Problem to work on: Would you please output all the records exactly as given? Pictures should not appear in the copy.

--- The data Enclosed Below ---

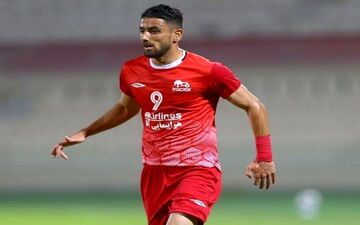 
خداحافظی مهاجم استقلال از تراکتوری ها! 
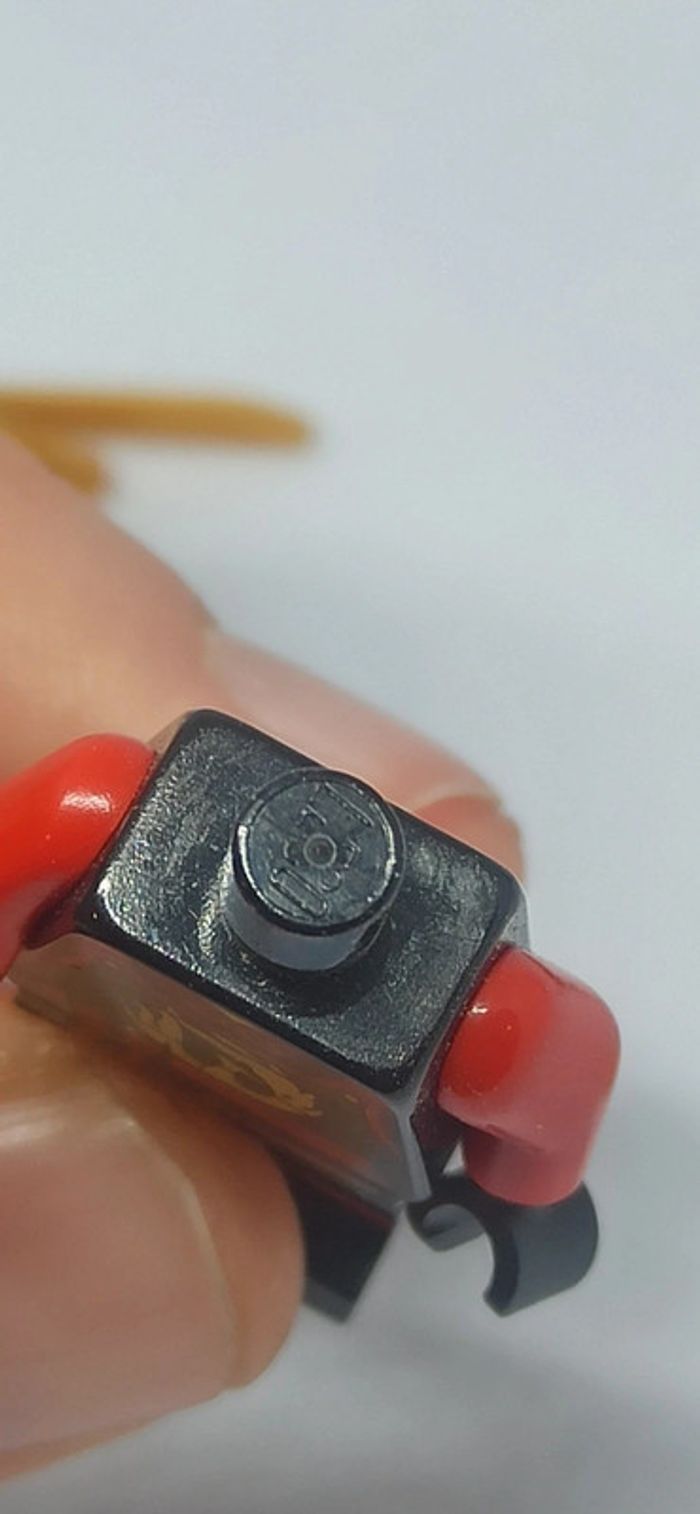 Femme ninja nya samouraï lego - photo numéro 11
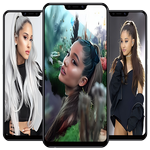 Ariana Grande Wallpaper icon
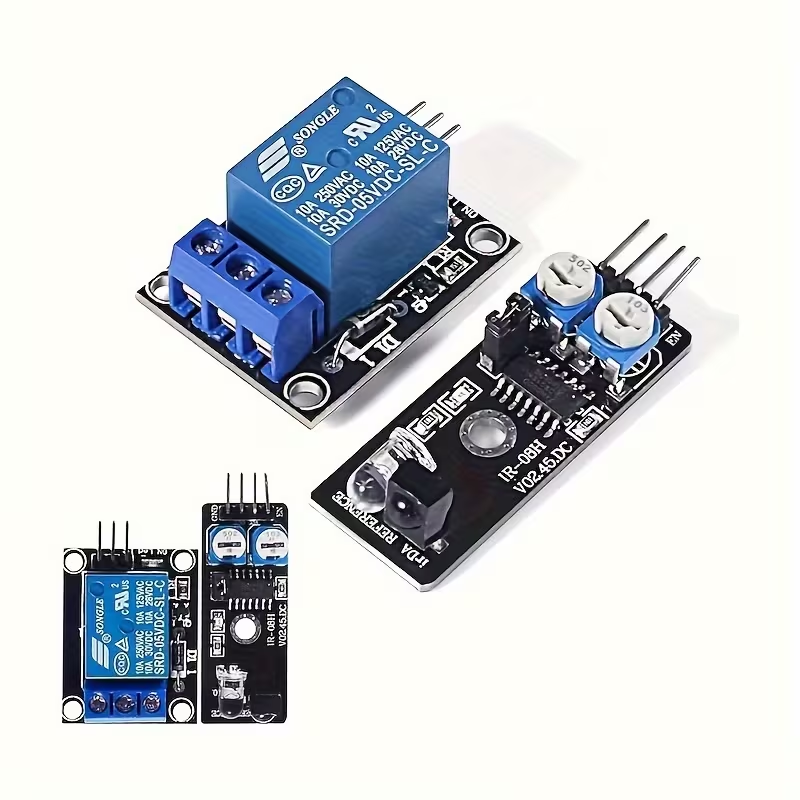 37/45 in 1 Sensor Module Kit,  - огляд і ціна Arduino Sensor Kit 37 Modules Starter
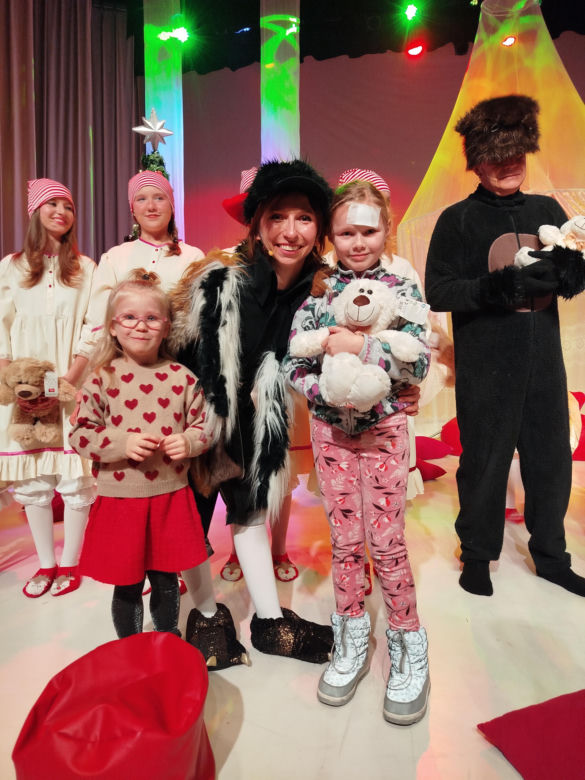 Podsumowanie I Festiwalu Teatrów dla Dzieci w Siedlcach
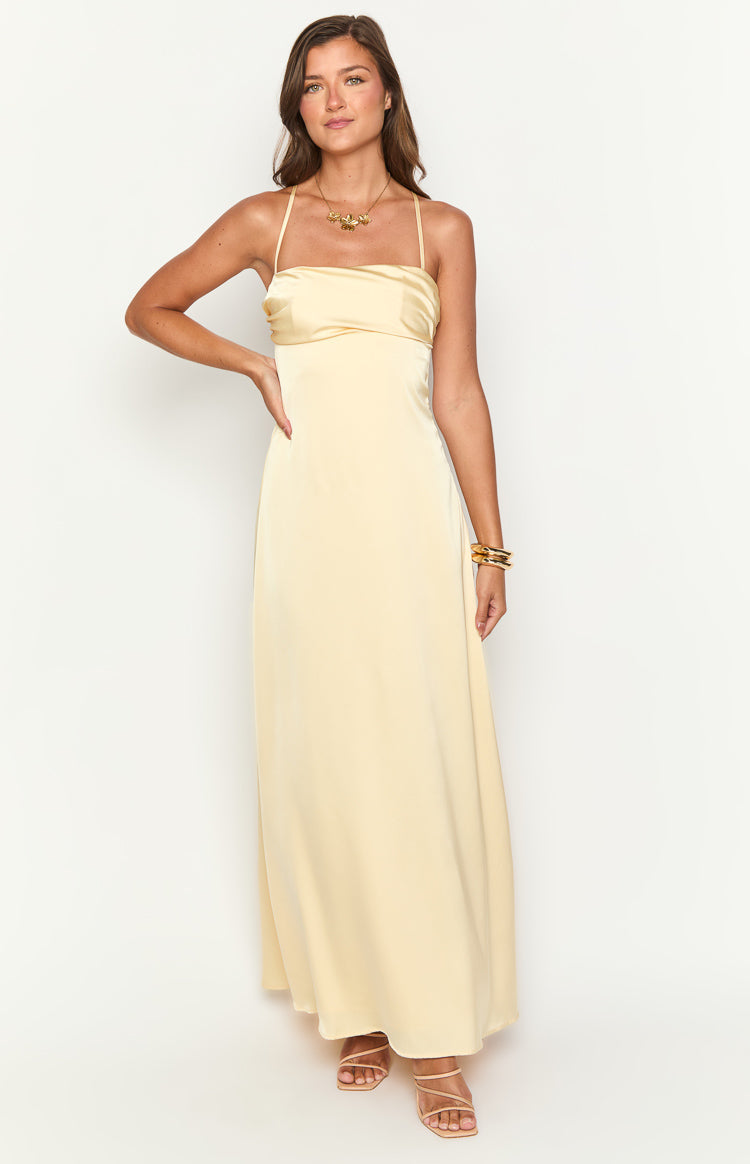 Square Spaghetti Straps Sleek Sheath Prom Dress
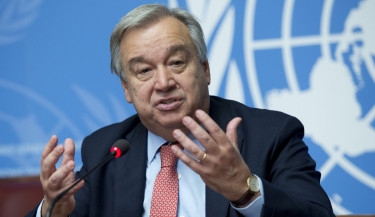 UN chief alarmed by reports civilians killed in Myanmar air strikes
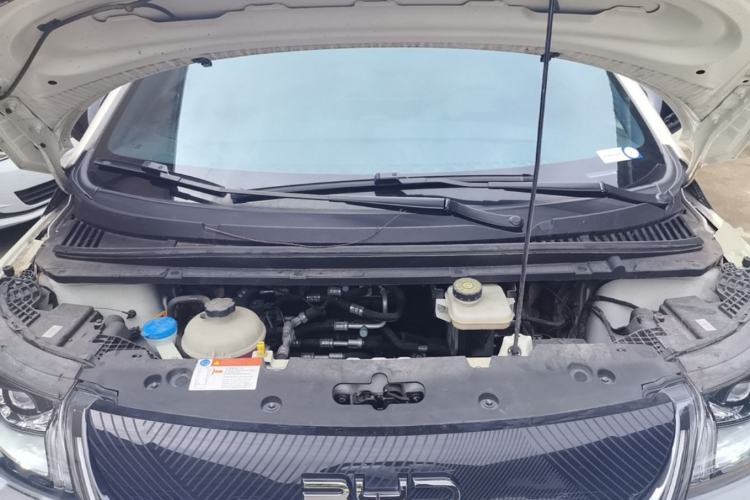 Used BYD Dolphin 2024 Honor Edition 420km Freedom Version Engine Bay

--- End of Enclosed The data ---

Output:
خداحافظی مهاجم استقلال از تراکتوری ها! 
 Femme ninja nya samouraï lego - photo numéro 11
 Ariana Grande Wallpaper icon
 37/45 in 1 Sensor Module Kit,  - огляд і ціна Arduino Sensor Kit 37 Modules Starter
 Podsumowanie I Festiwalu Teatrów dla Dzieci w Siedlcach
 Square Spaghetti Straps Sleek Sheath Prom Dress
 UN chief alarmed by reports civilians killed in Myanmar air strikes
 Used BYD Dolphin 2024 Honor Edition 420km Freedom Version Engine Bay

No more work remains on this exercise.